3.2.1Values for BASIC Elements

All BASIC elements occur obligatorily in an entry in the monolingual group; they are also required within the cross-reference and/or transfer groups, if these groups are contained in the entry.

(Again, please note the exception of the language element in the cross-reference group.)

Canonical Form <canForm>

Entry string in canonical form

Value: string

The shape of the canonical form is based on language-specific guidelines issued by OLIF2 in cooperation with the SALT project.

Language <language>

Language represented by entry string

Value: any valid designator from ISO 639

Part of Speech <ptOfSpeech>

Part of speech of entry string

Values:

VALUE / DESCRIPTION
noun / noun
verb / verb
adj / adjective
adv / adverb
prep / preposition
conj / conjunction
det / determiner
part / verb particle
auxverb / auxiliary verb
pron / pronoun
punc / punctuation
other / other pos to be determined by user
  • Some meeting participants spoke for constraining the set of pos values to open word classes. Others were concerned about this approach not being flexible enough. Suggestion was to provide for 5 open word classes (N, V, Adj, Adv, Prep), which are supported by the format specification, but also to allow for user definition of other word classes.
  • In discussions subsequent to the meeting, concern was expressed that the broad user definition could inhibit exchange, e.g., if developers define several word classes for nouns, which then can’t be easily identified with nouns from other systems.
  • Compromise suggested by Sail Labs and SAP: to explicitly specify as values the word classes as listed in the above table, but also allow users to specify their own, which they must figure out how to interpret in their own support programs.

Subject Field <subjField>

Knowledge domain to which lexical/terminological entry is assigned.

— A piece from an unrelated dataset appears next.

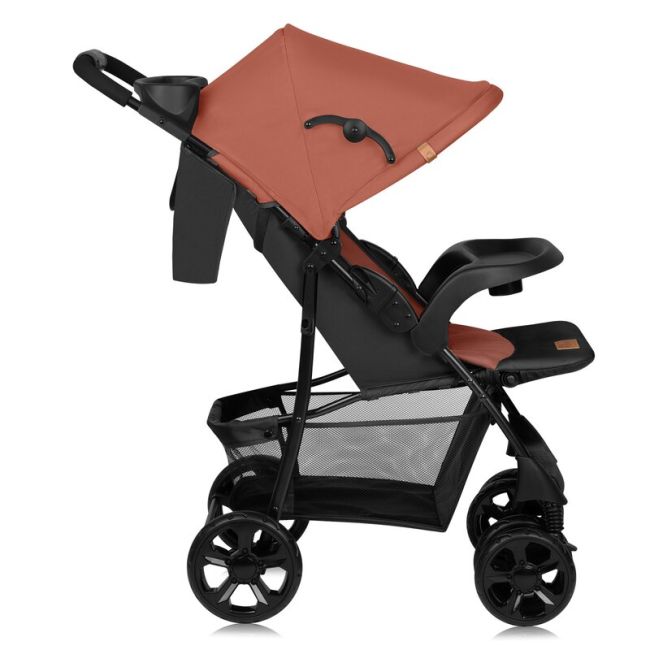 Carucior sport, Lionelo, Emma Plus, Cu tavita, 2 Suporturi pentru pahar, Geanta accesorii, Conform cu standardul european de securitate EN1888-1, Roz BYNLO-EMMA PLUS_CORAL_PINK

Values: currently string; in future, two options for specific OLIF2-supported subject field values:

  • SALT participants review the subject field classifications of OLIF2 MT providers and provide a basic classification schema (top 30 to 50 nodes) for use by OLIF2.
  • Users attach their own values/values schema.

Semantic Reading <semReading> - New index feature

Identifier used to distinguish readings for entries with identical values for canonical form, language, part of speech, and subject field

Values: several possibilities/issues to be discussed:

  • The requirement of a semantic reading that actually reflects a lexical semantic analysis has the potential for inhibiting data exchange rather than facilitating it,

e.g., different users interpret the semantic class hierarchies differently, or, since they don’t pay attention to these differences at all in their lexical data (e.g., they have only a few cases where they require a distinction & thus have most of their entries with no semantic reading designation), must make these judgments for the purpose of OLIF2 only.

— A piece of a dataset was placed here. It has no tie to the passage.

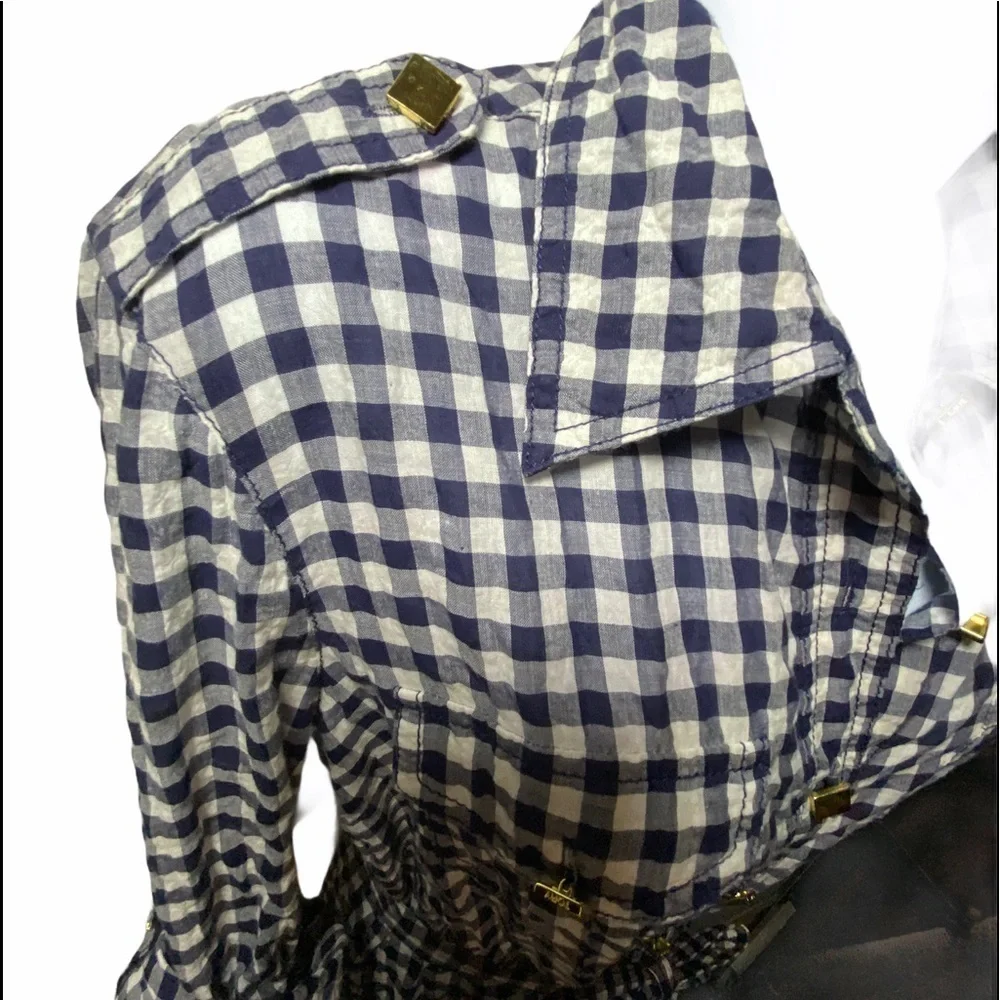 Tory Burch Gingham Shirt Dress Size 6 | Tie Waist Button Front Midi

  • Numeric semantic identifier assigned by the user has the same problem that a reading no. has in terms of its meaning possibly not being valid outside of the particular data set
  • Some suggestions:

-Have a pre-ordained set of values (e.g., from SIMPLE), but also allow a value of ‘unspecified’ for the masses of entries for which there is only one reading – allowing users an opt-out from making these judgments for each entry.

-As an option, allow the user to use numeric identifiers from an authority (specified in the header) for the given language.

-Do not use the semantic reading as part of the primary key at all, but rather as a ‘backup’ secondary key, to be used for disambiguation purposes only.

3.2.2 Values for GENERAL Elements

General features are optional features that can be used in any of the groups (monolingual, cross-reference, or transfer).

Updater <updater>

Refers to individual who last modified entry

Value: string

Modification date <modDate>

Date entry was last modified

Value: date

Example <example>

Sample text or portion of text in which entry string occurs

Value: string

Usage Note <usage>

Open field for notes on usage of entry string

Value: string

Note <note>

Open field for commentary by lexicographers/terminologists

Value: string

3.2.3Values for Optional MONOLINGUAL Elements

The following elements are optional within the monolingual group.

3.2.3.1Administrative MONOLINGUAL Elements

User Designation <userDesignat> - New element

Indicates entry string in a more ‘user-friendly’ way if the obligatory canonical form does not closely resemble the surface form.

Values: string

Syllabification <syllabification> - New element

Indicates syllable boundaries within entry string.

Values: string formulated based on following guideline:

-a syllable boundary is designated by the presence of the ‘-‘ character placed between the two characters where the boundary occurs,

e.g., can-dle

Geographical Usage <geogUsage>

Dialect represented by entry string

Value: any valid designator as specified in ISO 12620 (A.2.3.2) using ISO 3166

(Represent combined language-country codes, e.g., de-CH, en-GB)

Entry Type <entryType>

Indicates shape/structure of entry string

Attributes: productName, trademark, orthVariant

Values: as follows

VALUE / DESCRIPTION
abb / abbreviation
acr / acronym
sgl / single word
cmp / compound
phr / phrase
un / unspecified

Phrase Type <phraseType> - New element, added to reconcile the

lexical vs. terminological definitions of

multiword.

Further specifies the phrasal entry string

Values: as follows

VALUE / DESCRIPTION
mw / multiword
set-phr / fixed, lexicalized phrase
coll / collocation
idiom / idiom
un / unspecified

Entry Status <entryStatus>

Indicates status of entry within given lexicon/termbase

Values: as follows:

VALUE / DESCRIPTION
word / general vocabulary item
term / specific to non-general domain
concept / concept
stopword / stopword
un / unspecified

Entry Source <entrySource>

Indicates lexicon/termbase that entry originated from

Value: string

Originator <originator>

Refers to individual who created entry

Value: string

Administrative status <adminStatus>

Indicates administrative status of an entry relative to a given work environment

Values: as follows

VALUE / DESCRIPTION
new / new entry
ver / verified
def / defaulted
mt / for MT only
obs / obsolete
un / unspecified

Company <company>

Indicates company/organisation for whom entry is valid

Value: string

Abbreviation <abbrev>

Abbreviated form of entry string (alternative to cross-reference representation)

Value: string

Orthographic Variant <orthVariant

Indicates orthographic variant for entry string (alternative to cross-reference representation)